Estava a chegar a uma esplanada quando a vi. Nos seus trinta e tais, impecavelmente vestida num estilo casual que deixava claro um muito bom gosto. Computador aberto sobre a mesa, um capuccino ainda a fumegar ao lado e uns óculos pretos de massa em cima de uns papéis compunham a pequena mesa de madeira da esplanada.

Olhei discretamente para a sua mão esquerda procurando uma aliança enquanto escrevia algo no teclado, mas sobre o branco dos seus dedos não havia nada.
A sua joalharia limitava-se a uma pequena pulseira entrançada que as crianças costumam fazer para os pais. Uma filha? Uma sobrinha?

O seu cabelo castanho estava apanhado por um lápis para não estorvar o seu trabalho. Eu sempre achei que as mulheres faziam isso como uma mensagem subliminar para quem as vê, ou mais ainda para quem as olha. O lápis mostra um lado despreocupado com a aparência, como se aquele aspecto fosse natural, mas mostra também que é alguém que trabalha e não é fútil. Algo que os homens fazem com o telemóvel, jogando um jogo ou vendo a sua pagina de facebook como se estivessem a ler um mail importante.

Parece que estar numa esplanada sem fazer nada é proibido ou pouco atraente.

Ela sabia que eu estava a olhar (as mulheres sabem estas coisas) e eu nem precisava de disfarçar porque me tinha sentado virado na direcção dela, mas não sem antes olhar para o céu como se aquela posição fosse a única que o sol de fim de tarde permitia.

Por baixo da mesa, tinha as pernas cruzadas de forma obliqua à minha direcção, o que a colocava numa posição que eu achava que seria desconfortável. A saia que não era curta nem comprida deixava antever umas pernas longas e bem torneadas.

O meu café chegou, agradeci a empregada e distraído, despejei meio saco de açucar e mexi durante breves segundos.
Nos breves momentos em que eu baixei o olhar para o café, ela descruzou e voltou a cruzar as pernas ao contrário; era a prova que ela sabia que eu estava a observar.

Passaram-se alguns minutos e eu continuava sem fazer absolutamente nada que não fosse observar, olhando de forma aleatória para todas as mesas mas voltando sempre à mesa dela.

Finalmente. deixei sobre a mesa o dinheiro para o café e levantei-me.
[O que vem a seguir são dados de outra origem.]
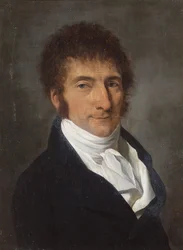Henri Evrard, marqués de Dreux Breze (1762-1829) (óleo sobre lienzo)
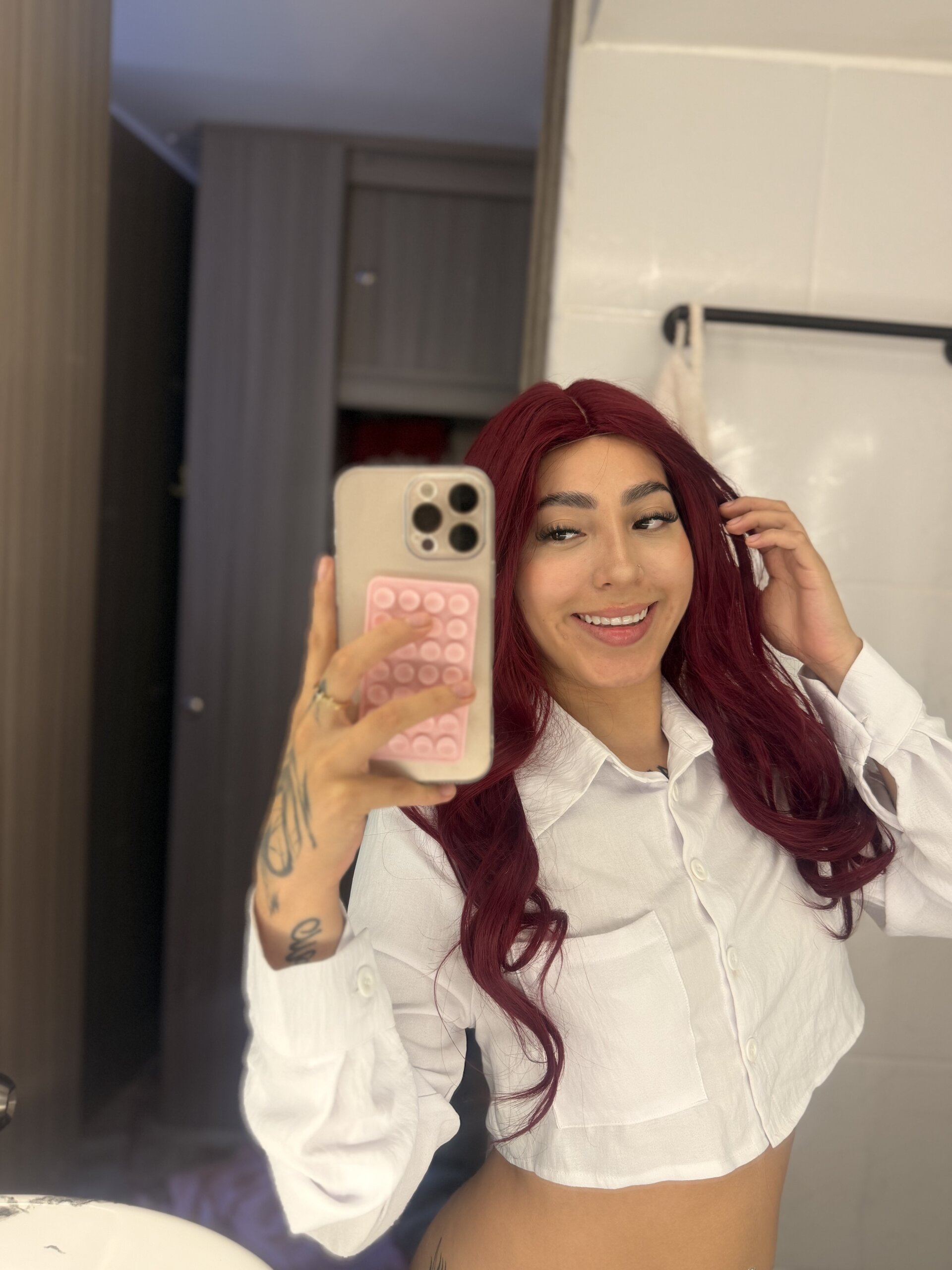 XXX Porn Photo of Nude Qarah_ 1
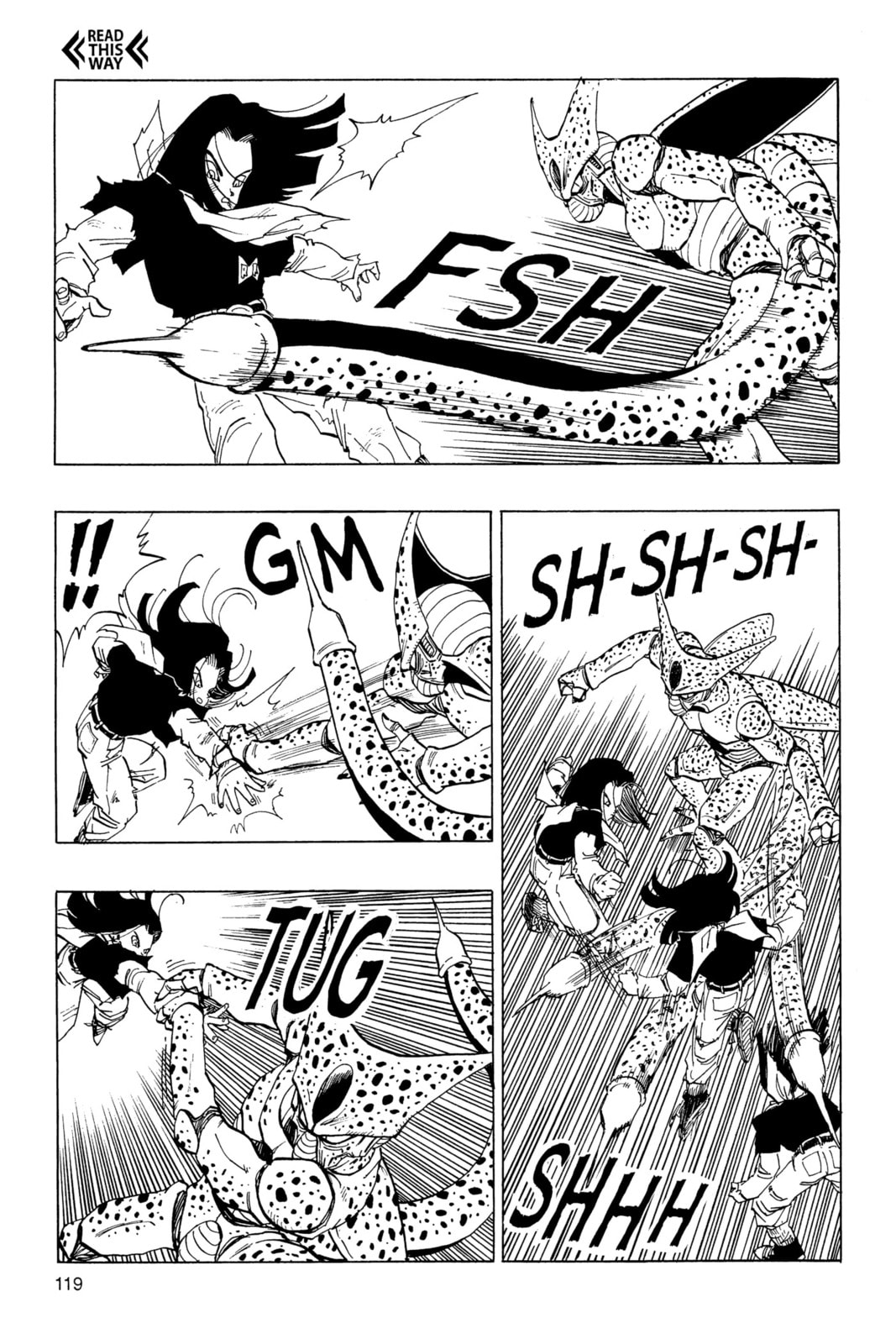Read Dragon Ball Super (Colored) chapter 369 image 9 on Lezhin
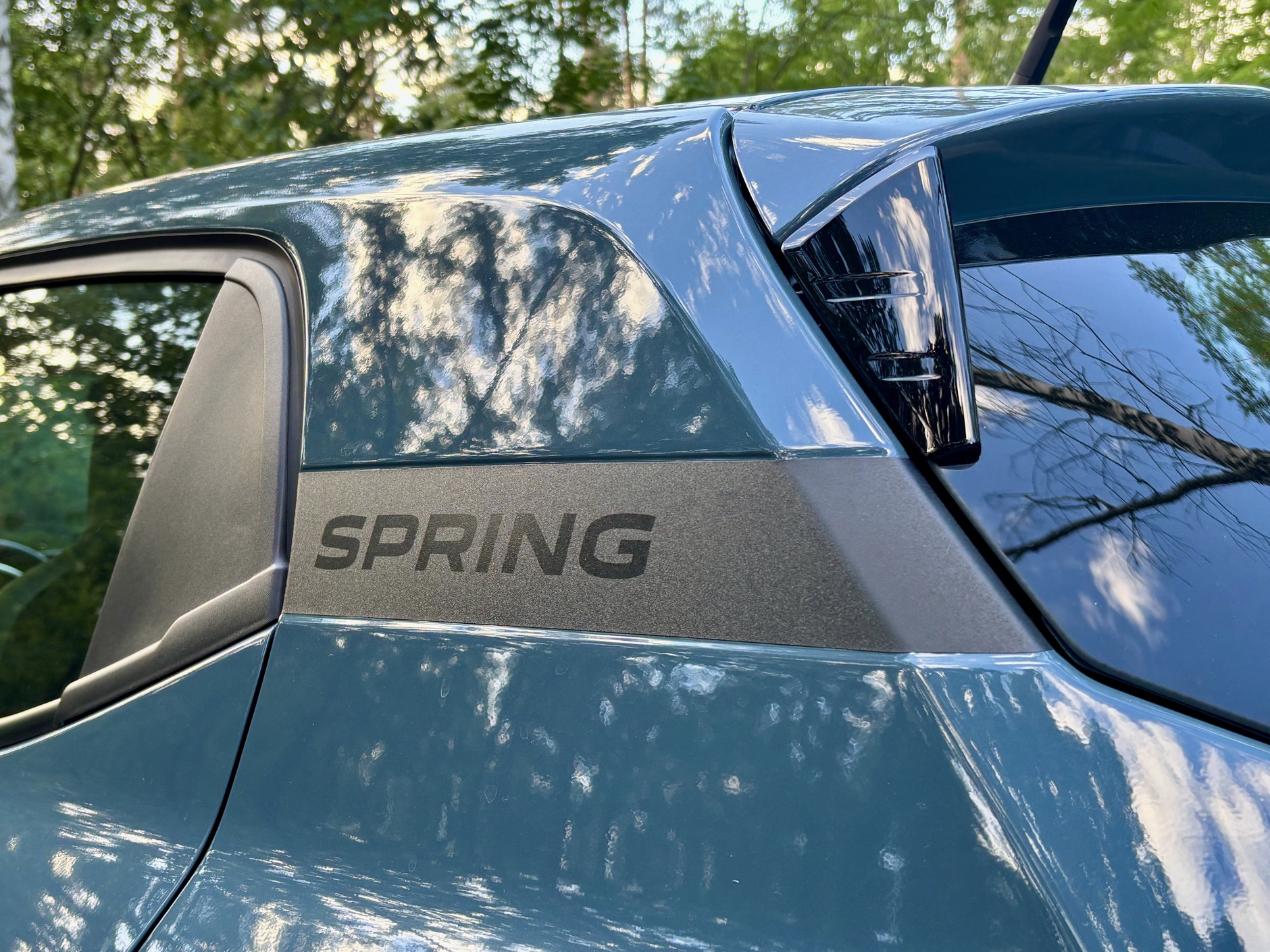 Dacia Spring 100 Extreme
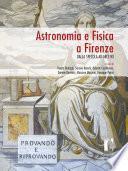 Astronomia e Fisica a Firenze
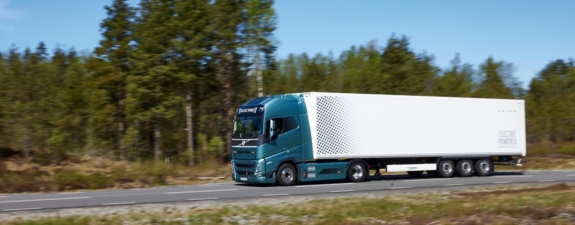 Volvo FH Electric Volvo FH Electric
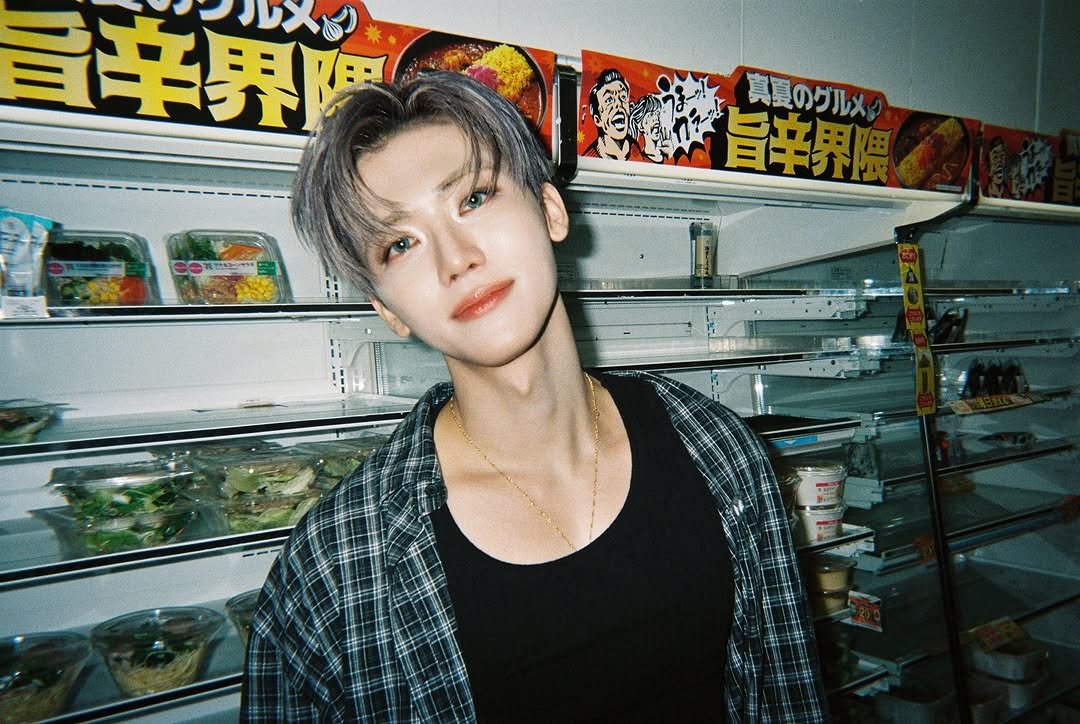 Photo by JAEMIN on August 13, 2025.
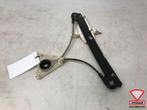 VW Polo 6R 6C Raammechanisme Links Achter 6R4839461C, Gebruikt, Volkswagen, Ophalen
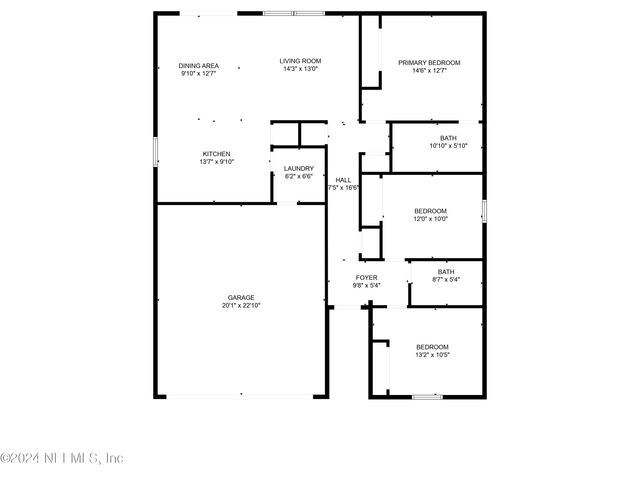 10482 COLLINS FLD Circle, Jacksonville, FL 32222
Ajeitei o casado e olhei descaradamente para ela procurando um cruzamento de olhar …. Mas nada. Saí pelo lado oposto de mãos nos bolsos, esperando ser observado e caminhei devagar tentando dar um ar de segurança que eu não tinha e fui embora.

Enquanto caminhava pensava que tudo não tinha passado da minha imaginação e que ela estava somente incomodada como o facto de estar a ser observada enquanto fazia algo para o seu trabalho aproveitando esta frescura de final de tarde numa esplanada.Os meus ombros descaíram e apressei o passo.

Naquele momento, a Mulher terminava uma frase naquilo que deveria ser um diário ou algo assim:
“ Ele acaba de se levantar e ir embora. Gostava de ter tido a coragem de lhe sorrir e quem sabe, ele tivesse retribuído... Era tímido, ou simplesmente não me achou interessante o suficiente para me dirigir a palavra ou sorrir. O dia acabou e volto agora para o meu apartamento vazio. Quem sabe amanhã não seja um dia mais feliz.”

Acabou de escrever, fechou o computador, arrumou os óculos e as folhas de papel, tirou o lápis do cabelo e colocou tudo na bolsa. Levantou-se e com o olhar baixo, saiu para o outro lado da rua…


A empregada, parada no meio da esplanada suspirou: “ Parvos” e voltou para dentro.